Though főzelék—which is best translated as ‘pottage’ (despite the fact that most Westerners, or at least Americans, wouldn’t know a bowl of pottage if they saw one)—seems like an outlier on a Hungarian menu filled with meat, carb-heavy sides, and pickles, it is actually a lunchtime staple as much as any gulyás or paprikás. Főzelék is the unheralded anchor of any étkezdé’s (lunch canteen) menu. It’s popular with good reason, and certain Hungarians take their főzelék very seriously.

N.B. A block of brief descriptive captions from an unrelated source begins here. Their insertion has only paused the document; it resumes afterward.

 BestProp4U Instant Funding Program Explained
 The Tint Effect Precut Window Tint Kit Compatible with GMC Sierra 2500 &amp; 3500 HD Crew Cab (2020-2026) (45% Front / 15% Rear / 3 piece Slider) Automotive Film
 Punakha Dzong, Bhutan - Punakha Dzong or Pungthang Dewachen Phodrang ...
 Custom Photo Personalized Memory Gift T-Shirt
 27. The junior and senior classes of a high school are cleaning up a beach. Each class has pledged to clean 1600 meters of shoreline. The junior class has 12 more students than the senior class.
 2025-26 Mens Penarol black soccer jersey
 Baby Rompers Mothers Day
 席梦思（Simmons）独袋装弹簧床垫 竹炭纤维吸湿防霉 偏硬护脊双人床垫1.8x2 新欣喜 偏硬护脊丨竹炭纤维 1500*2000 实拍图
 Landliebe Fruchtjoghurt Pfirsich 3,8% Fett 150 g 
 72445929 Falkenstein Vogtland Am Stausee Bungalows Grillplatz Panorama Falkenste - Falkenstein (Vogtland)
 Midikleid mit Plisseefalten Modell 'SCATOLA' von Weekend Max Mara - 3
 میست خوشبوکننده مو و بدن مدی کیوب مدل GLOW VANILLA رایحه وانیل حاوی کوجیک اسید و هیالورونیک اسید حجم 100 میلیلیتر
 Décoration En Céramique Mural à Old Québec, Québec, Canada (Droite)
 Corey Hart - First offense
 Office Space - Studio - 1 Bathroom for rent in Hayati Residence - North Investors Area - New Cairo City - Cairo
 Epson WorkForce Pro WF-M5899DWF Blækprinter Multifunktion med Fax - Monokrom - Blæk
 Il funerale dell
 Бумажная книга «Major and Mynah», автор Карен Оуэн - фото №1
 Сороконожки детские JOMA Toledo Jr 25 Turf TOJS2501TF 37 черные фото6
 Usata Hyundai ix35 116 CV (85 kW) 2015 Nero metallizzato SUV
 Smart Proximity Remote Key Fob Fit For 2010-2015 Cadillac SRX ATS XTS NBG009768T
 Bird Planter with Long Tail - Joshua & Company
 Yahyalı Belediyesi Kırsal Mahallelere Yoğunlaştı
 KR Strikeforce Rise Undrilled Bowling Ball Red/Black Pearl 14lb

My first hint that főzelék was not merely a default choice when other dishes looked too heavy or complicated was at one of the many excellent food stalls at the Fehérvári Market Hall in District XI (one of several interesting market halls to explore that aren’t the Great Market Hall). Wanting something easy and quick, I ordered a burgonya (potato) főzelék and grabbed a dish of cékla salata (pickled beets) to bring some color to the otherwise drab looking meal. The lady behind the counter looked horrified, stricken. “Nem Hagyományos,” she barked, looking me in the eye, meaning that főzelék and savanyúság (pickles) together are ‘not traditional.’ She simply refused to hand over my potato pottage until her colleague diffused the situation by taking over my order.
Only later did a Hungarian friend explain that pickles and főzelék don’t go together on a traditional Hungarian menu. Főzelék has its place, but it is not next to a bowl of pickled beets. But why is that? Perhaps because főzelék is occasionally served as a side dish itself, and a side for a side would seem too cute. Or perhaps a vegetable accompanying another vegetable is just too much pant. I am still trying to figure this one out.
Főzelék is also hard to pin down as a dish. It is neither soup or stew, but somewhere in between. It’s comfort food, a delicious delivery system for vegetables, and a refreshingly light lunch option in a country where lunch is the day’s main meal. Főzelék comes in many varieties including lentil, spinach, green pea, yellow pea, squash, potato, and sorrel (which may seem like an exotic flavor for a pottage, though with its earthy bitter bite, it is quite popular in the warmer months).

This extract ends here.